A consensus classification system by a multispecialty Fabry disease genotype-phenotype workgroup
2020-08-01Use of a rare disease registry for establishing phenotypic classification of previously unassigned GLA variants: a consensus classification system by a multispecialty Fabry disease genotype-phenotype workgroup
J Med Genet. 2020 Aug;57(8):542-551. doi: 10.1136/jmedgenet-2019-106467. Epub 2020 Mar 11.
PMID: 32161151
Dominique P Germain, João Paulo Oliveira, Daniel G Bichet, Han-Wook Yoo, Robert J Hopkin, Roberta Lemay, Juan Politei, Christoph Wanner, William R Wilcox, David G Warnock
Summary: This study aimed to find a consensus phenotypic classification for previously unclassified GLA variants by using the GLA-specific fabry-database.org database. Clinical pathogenicity associated with a particular GLA variant defined in affected males appears to have predictive value and also generally correlates with risk for affected females.

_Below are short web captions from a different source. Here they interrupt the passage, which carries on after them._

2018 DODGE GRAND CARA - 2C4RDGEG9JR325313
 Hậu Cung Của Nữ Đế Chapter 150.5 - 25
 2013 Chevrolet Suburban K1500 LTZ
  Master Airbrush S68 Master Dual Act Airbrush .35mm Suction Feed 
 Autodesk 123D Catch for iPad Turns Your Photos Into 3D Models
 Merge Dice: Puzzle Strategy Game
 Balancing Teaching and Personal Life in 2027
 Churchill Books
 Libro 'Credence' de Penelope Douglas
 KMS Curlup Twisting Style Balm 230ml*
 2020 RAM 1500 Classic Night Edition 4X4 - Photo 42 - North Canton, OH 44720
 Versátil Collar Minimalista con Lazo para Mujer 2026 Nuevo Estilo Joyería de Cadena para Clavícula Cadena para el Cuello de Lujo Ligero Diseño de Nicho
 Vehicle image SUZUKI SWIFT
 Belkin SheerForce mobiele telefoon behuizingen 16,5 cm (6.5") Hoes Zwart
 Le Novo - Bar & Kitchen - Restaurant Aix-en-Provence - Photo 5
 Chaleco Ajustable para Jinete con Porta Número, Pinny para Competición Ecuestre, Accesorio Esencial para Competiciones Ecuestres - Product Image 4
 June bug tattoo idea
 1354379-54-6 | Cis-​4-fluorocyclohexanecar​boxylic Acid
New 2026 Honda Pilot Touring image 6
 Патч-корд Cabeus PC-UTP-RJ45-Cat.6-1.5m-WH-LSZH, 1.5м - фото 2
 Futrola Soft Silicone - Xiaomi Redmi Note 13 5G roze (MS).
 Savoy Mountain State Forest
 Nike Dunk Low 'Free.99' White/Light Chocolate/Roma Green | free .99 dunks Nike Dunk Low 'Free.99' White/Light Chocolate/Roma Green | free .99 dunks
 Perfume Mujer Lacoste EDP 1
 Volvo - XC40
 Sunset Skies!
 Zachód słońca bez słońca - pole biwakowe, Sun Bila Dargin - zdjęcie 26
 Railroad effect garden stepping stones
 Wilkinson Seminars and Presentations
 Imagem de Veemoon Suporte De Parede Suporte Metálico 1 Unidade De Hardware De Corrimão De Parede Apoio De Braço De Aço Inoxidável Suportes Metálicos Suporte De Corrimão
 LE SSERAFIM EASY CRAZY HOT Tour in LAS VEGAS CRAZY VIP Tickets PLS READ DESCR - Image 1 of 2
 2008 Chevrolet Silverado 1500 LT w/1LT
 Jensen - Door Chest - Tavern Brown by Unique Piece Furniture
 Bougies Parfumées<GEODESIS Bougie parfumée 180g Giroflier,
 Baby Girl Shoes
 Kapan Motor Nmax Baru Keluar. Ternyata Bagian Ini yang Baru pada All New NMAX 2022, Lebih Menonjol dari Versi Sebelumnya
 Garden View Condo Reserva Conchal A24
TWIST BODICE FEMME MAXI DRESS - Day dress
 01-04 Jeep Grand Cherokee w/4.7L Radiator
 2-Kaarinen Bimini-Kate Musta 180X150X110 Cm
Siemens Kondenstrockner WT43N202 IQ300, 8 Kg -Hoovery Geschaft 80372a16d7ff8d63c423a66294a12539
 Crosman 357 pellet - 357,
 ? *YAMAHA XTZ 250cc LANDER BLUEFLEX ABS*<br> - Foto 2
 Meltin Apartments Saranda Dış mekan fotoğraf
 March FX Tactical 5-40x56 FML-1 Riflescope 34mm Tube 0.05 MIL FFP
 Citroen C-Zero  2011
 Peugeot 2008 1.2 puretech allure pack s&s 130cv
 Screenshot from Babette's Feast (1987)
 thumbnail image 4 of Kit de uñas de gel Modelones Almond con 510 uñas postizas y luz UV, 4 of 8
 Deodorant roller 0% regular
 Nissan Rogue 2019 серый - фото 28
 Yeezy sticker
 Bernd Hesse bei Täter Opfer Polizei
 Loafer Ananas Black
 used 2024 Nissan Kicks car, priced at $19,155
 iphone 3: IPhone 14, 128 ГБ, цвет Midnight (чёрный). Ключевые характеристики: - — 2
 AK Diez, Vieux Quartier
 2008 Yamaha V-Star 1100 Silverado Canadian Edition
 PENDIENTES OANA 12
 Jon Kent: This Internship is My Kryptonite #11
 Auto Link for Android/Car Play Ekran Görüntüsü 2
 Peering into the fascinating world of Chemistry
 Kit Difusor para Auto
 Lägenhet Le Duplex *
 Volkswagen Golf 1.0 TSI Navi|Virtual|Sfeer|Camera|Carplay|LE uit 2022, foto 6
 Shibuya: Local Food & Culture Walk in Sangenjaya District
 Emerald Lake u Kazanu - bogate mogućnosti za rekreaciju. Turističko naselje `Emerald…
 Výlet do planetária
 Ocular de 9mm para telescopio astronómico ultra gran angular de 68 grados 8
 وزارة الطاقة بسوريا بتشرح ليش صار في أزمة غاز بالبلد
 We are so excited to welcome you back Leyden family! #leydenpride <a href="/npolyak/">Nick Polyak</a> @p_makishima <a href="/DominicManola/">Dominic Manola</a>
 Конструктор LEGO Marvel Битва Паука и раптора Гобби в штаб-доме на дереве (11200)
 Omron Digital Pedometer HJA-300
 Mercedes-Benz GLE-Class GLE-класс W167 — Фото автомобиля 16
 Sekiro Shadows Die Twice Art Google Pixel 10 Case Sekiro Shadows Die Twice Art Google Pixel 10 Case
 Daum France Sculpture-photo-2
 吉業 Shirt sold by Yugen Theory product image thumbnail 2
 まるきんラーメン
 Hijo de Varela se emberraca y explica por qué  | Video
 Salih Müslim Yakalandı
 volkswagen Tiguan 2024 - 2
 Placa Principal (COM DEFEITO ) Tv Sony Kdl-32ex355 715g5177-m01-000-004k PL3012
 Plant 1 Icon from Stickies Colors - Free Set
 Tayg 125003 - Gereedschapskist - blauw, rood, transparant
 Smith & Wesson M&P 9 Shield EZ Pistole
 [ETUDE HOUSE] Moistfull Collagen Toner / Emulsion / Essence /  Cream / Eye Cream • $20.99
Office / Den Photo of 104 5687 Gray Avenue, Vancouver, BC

The newly developed classifications can aid in the clinical management of Fabry patients who have these variants.
Abstract
Background: The X-linked genetic disorder Fabry disease (α-galactosidase deficiency) is caused by a combination of pathogenic GLA variants. While there is considerable phenotypic heterogeneity, with two main types, classic and later-onset disease, clinical phenotypic adjudication is currently lacking for several variants. This study aimed to find a consensus phenotypic classification for previously unclassified GLA variants by using the GLA-specific fabry-database.org database.
Methods: A Fabry disease genotype–phenotype workgroup built a five-stage iterative system based on expert clinical evaluation, existing literature, and clinical evidence of pathogenicity using a 2-point scoring method based on clinical hallmarks of classic disease. Final validation was done using Kaplan–Meier (KM) analysis of severe clinical event-free survival. Web-based disease databases and in silico pathogenicity prediction programs were used to compare the results.
Results: For 32 of the 33 GLA variants, a final consensus on classifications of 'pathogenic' was reached (26 'classic' phenotype, 171 males; 6 'later-onset' phenotype, 57 males). One variant, however, remained of uncertain significance. When workgroup consensus classifications were applied to the established fabry-database.org database phenotypes, the KM curves remained identical, with the same separation between 'classic' and 'later-onset' phenotypes.
Conclusion: The Fabry disease genotype–phenotype workgroup used an iterative system to achieve phenotypic classifications for previously unclassified variants. Clinical pathogenicity associated with a specific GLA variant identified in affected males appears to have predictive value, and it also appears to correlate with risk for affected females. The newly developed classifications can aid in the clinical management of Fabry patients who have these variants.